String vs. Bytes

Text in Python 3 is always Unicode and is represented by the str type, and binary data is represented by the bytes type. They cannot be mixed.

Strings can be encoded to bytes, and bytes can be decoded back to strings.


In [1]:
s = 'Hello world!'
print(s)
print("length is", len(s))


Hello world!
length is 12

In [2]:
us = 'Hello 世界!'
print(us)
print("length is", len(us))


Hello 世界!
length is 9

Now encode both strings to bytes.


In [3]:
bs = s.encode('utf-8')
print(bs)
print("length is", len(bs))


b'Hello world!'
length is 12

In [4]:
bus = us.encode('utf-8')
print(bus)
print("length is", len(bus))


b'Hello \xe4\xb8\x96\xe7\x95\x8c!'
length is 13

Decode back to strings.


In [5]:
print(bs.decode('utf-8'))
print(bus.decode('utf-8'))


Hello world!
Hello 世界!

Big Endian vs Little Endian


In [6]:
num = 258
print(num.to_bytes(2, "big"))
print(num.to_bytes(2, "little"))

print(num.to_bytes(4, "big"))
print(num.to_bytes(4, "little"))


b'\x01\x02'
b'\x02\x01'
b'\x00\x00\x01\x02'
b'\x02\x01\x00\x00'

struct package

This module performs conversions between Python values and C structs represented as Python bytes objects.


In [7]:
import struct

struct.pack(fmt, v1, v2, …)

Return a bytes object containing the values v1, v2, … packed according to the format string fmt. The arguments must match the values required by the format exactly.

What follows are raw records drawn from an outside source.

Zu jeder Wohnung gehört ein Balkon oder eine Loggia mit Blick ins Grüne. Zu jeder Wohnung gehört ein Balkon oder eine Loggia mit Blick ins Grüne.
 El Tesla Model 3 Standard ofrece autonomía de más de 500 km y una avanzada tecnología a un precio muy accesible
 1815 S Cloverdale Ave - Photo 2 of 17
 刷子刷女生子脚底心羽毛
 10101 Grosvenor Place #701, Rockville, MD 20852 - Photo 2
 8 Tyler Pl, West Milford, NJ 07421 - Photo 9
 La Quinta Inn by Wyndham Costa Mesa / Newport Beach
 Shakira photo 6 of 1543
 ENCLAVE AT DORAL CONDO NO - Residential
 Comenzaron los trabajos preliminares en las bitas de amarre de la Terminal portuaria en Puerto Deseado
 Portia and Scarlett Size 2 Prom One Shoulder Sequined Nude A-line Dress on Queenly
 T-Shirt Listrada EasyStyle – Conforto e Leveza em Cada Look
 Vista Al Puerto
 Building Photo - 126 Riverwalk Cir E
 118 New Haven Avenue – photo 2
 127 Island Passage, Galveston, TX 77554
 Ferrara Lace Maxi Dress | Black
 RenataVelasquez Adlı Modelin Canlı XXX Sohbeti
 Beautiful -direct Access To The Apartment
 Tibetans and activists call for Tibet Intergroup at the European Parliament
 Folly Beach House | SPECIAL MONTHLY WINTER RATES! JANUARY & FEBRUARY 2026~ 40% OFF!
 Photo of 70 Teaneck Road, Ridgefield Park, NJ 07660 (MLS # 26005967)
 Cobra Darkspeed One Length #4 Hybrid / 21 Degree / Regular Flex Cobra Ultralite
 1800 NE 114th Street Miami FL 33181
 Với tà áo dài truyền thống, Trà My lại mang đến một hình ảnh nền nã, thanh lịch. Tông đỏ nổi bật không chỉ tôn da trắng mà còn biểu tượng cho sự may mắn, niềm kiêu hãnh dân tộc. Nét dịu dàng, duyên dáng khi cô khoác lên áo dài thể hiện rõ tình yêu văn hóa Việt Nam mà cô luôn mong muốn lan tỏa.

  1. "!" means network endianess (big endian)
  2. "<" means little endian
  3. ">" means big endian
  4. "=" means native
  5. "h" measn short integer (2 bytes)

In [8]:
x = 256

print("Network endianess")
print(struct.pack('!h', x))

print("Little endian")
print(struct.pack('<h', x))

print("Big endian")
print(struct.pack('>h', x))

print("Native endianess")
print(struct.pack('=h', x))


Network endianess
b'\x01\x00'
Little endian
b'\x00\x01'
Big endian
b'\x01\x00'
Native endianess
b'\x00\x01'

struct.unpack(fmt, buffer)

Unpack from the buffer buffer (presumably packed by pack(fmt, ...)) according to the format string fmt. The result is a tuple even if it contains exactly one item. The buffer’s size in bytes must match the size required by the format,


In [9]:
bx = struct.pack('!h', x)

print(struct.unpack('!h', bx))
print(struct.unpack('<h', bx))


(256,)
(1,)

In [10]:
print(struct.unpack('!h', bx)[0])
print(struct.unpack('<h', bx)[0])


256
1